Yang Sen, qui avait donné un coup de pied à la porte du bureau pour l'ouvrir, entra, sourit d'un air professionnel à ses « fans », puis regarda Yan Shu d'un air froid : « Hé, ma chérie, j'ai entendu que tu as encore fui ? »
Yan Shu leva la tête pour le regarder et ne dit rien.
La jeune fille vit que la situation était tendue entre eux et dit immédiatement : « Alors je m'en vais. » Personne ne l'écouta, les deux se regardèrent en coin, et la jeune fille se tira d'affaire en fermant la porte derrière elle, elle avait quand même de bonnes mœurs professionnelles.
« Parles. » Yang Sen tira un tabouret et s'assit : « Tu le fais sérieusement ? »
« Tu as un casting aujourd'hui, non ? Comment as-tu le temps de venir ici ? » Yan Schu rangea sa table : « Je vais sur le plateau de tournage tout à l'heure. »
« Ça n'a pas d'importance, comparé à toi et Mu Yang. »
Yan Shu le regarda : « Oui, j'ai rompu avec Mu Yang. »
« Tu aimes tellement tourmenter Mu Yang ? »
« Non, c'est juste que nous avons découvert que nous ne nous convenons pas, donc j'ai décidé de mettre fin à ça. Il n'a pas besoin de moi. »
« Est-ce que c'est toi qui décides de ce qu'il a besoin ? Qu'est-ce que tu lui as pris au sérieux ? D'abord il s'est occupé de toi, et maintenant tu le quittes au moment où il a le plus besoin de toi. »
« Non, ce n'est pas ça. Ce dont il a besoin, c'est d'argent, de projets, et de quelqu'un qui peut l'aider, qui peut lui permettre de développer son talent. Et mon départ lui permettra de gagner trente ans de vie moins compliquée. Mu Yang a aussi dit qu'il était fatigué, d'accord ? »

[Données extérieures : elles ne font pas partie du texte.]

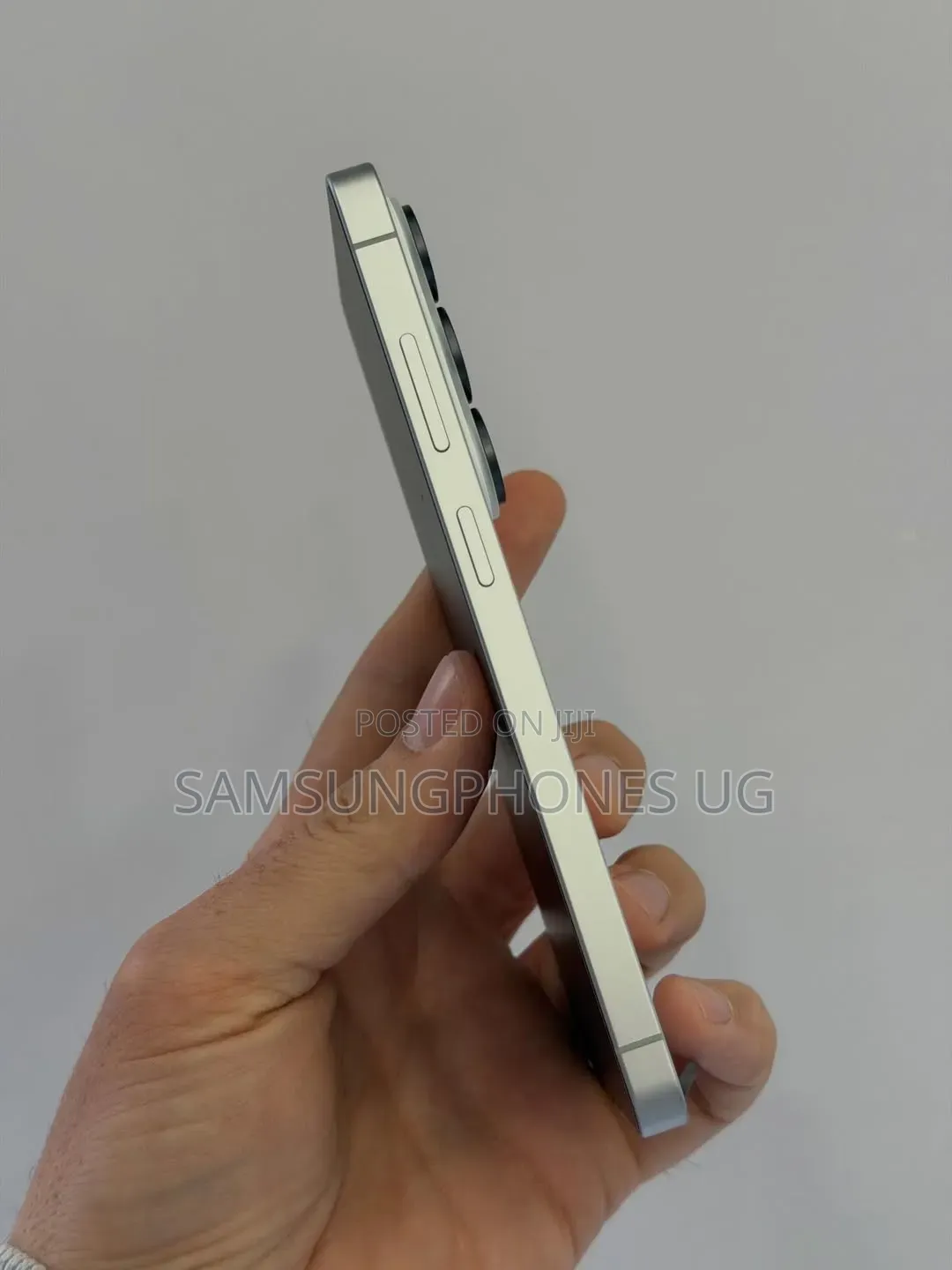 New Samsung Galaxy S26 Ultra 5G 256 GB White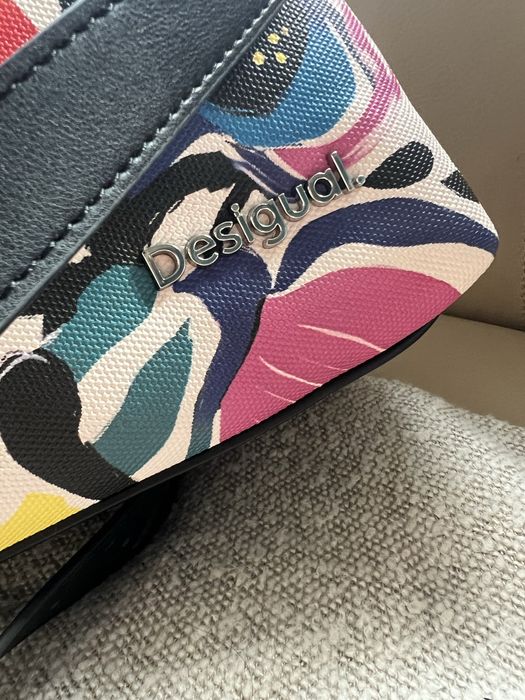 Нова чанта Desigual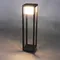 09978-0.7-001JH 0,6M LED12W BK фонарь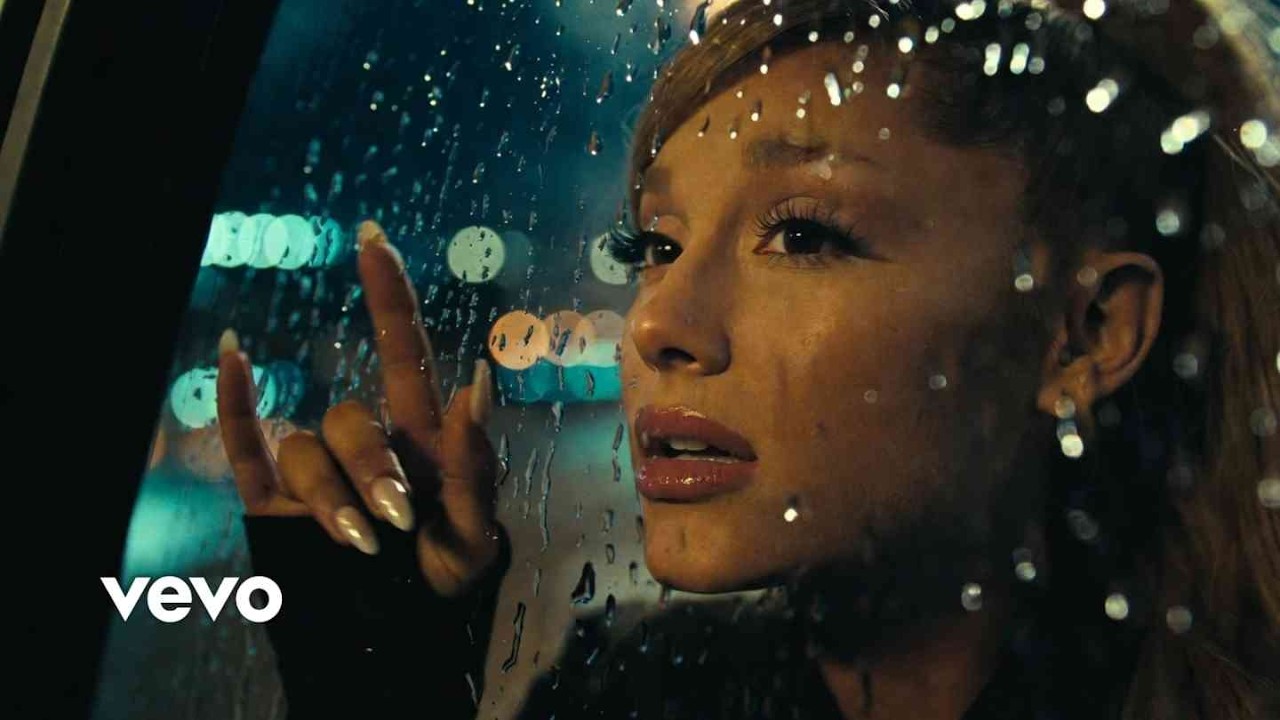 ARIANA GRANDE - HARD TIMES ( Official 2026 AI Video)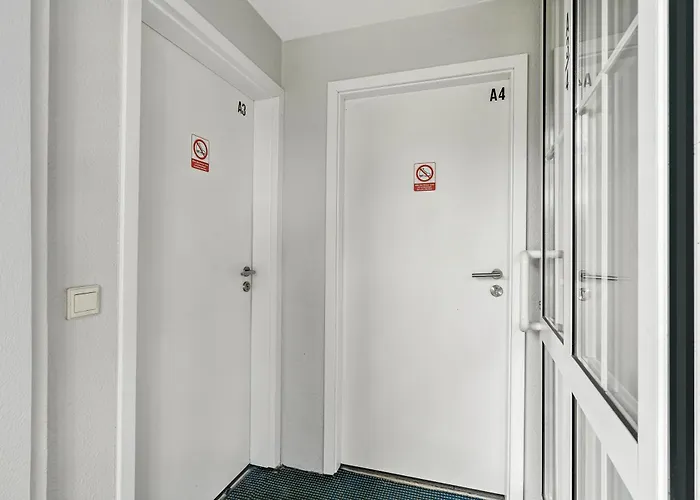 Pensión Engelsburg - - Remscheid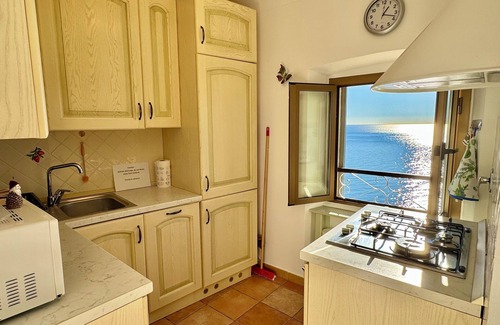 Ventimiglia Apartment | Kiss of Sea Balzi Rossi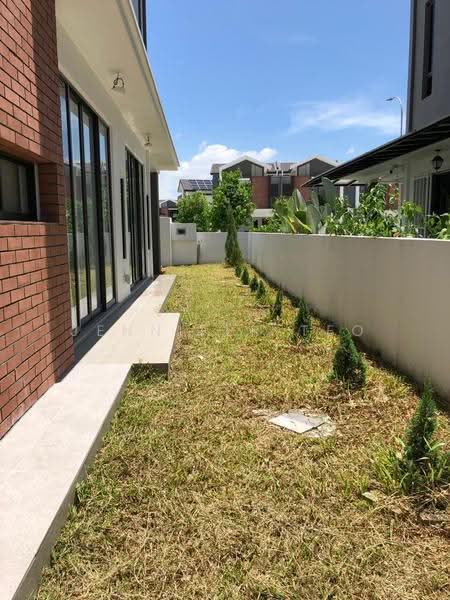 Rumah Teres 2-Tingkat untuk Dijual di Bandar Gamuda Gardens (Rawang) - Jennifer Teo - Exterior - PropertyGuru.com.my
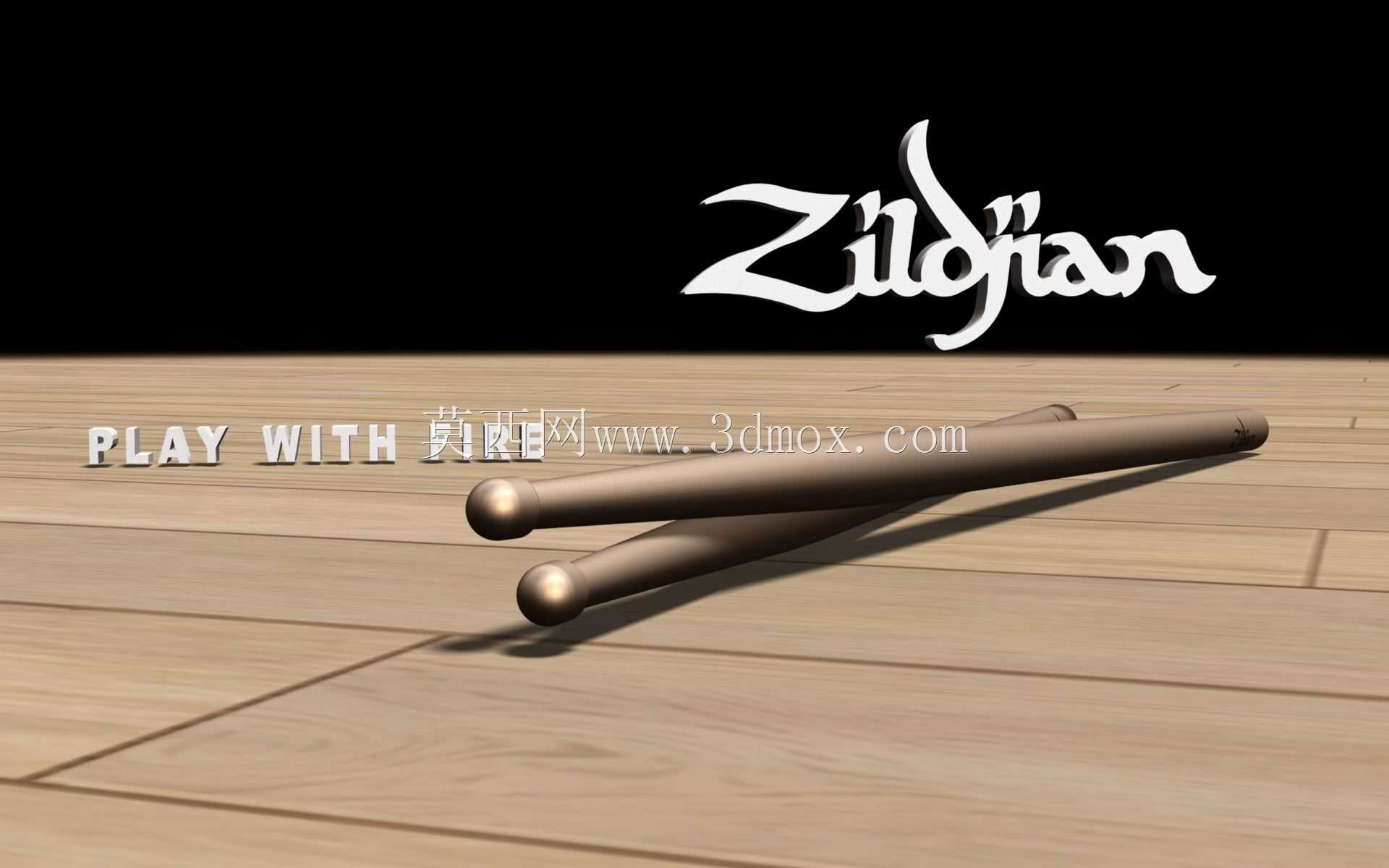 Zildjian桌面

Yang Sen resta interdit pendant quelques secondes : « Toi, tu penses vraiment ça ? »
« Oui, Sen. » Yan Schu posa sa tête sur la table : « S'il te plaît, arrête de me demander ça. Je suis vraiment fatiguée. Pouvez-vous arrêter de me poser des questions sur ce sujet ? »
Yang Sen acquiesça : « D'accord, je ne poserai qu'une seule question : tu l'aimes tellement, pourquoi veux-tu le quitter ? »
Yan Schu leva la tête et le regarda : « Tu ne comprendras jamais ça. »
« Bonjour, je sais. D'accord, on a un accord. » Mu Yang venait de raccrocher le téléphone quand la porte s'ouvrit. Viviane entra et sourit : « Roger, j'ai entendu que tu vivais dans le bureau ces derniers temps ? »
« Ouais. » Mu Yang acquiesça : « Qu'est-ce qui se passe ? »
« Je suis juste passé par là, je voulais te voir. » Elle s'approcha de Mu Yang : « Ça ne va pas ? »
Mu Yang déplaça sa main qu'elle tendait vers lui sans qu'on s'en rende compte : « Ça va, bienvenue. Au fait, merci pour ton aide la fois dernière. Prends soin de ton oncle, je ferai en sorte qu'il soit satisfait. » Elle dit, puis retourna à son travail.
« Bien sûr qu'il a confiance. Qu'est-ce que tu fais ? »
« Oh, mes propres affaires, un document pour la garantie de crédit. »
Viviane le regarda et sourit : « Tu n'as vraiment pas besoin de travailler aussi dur. »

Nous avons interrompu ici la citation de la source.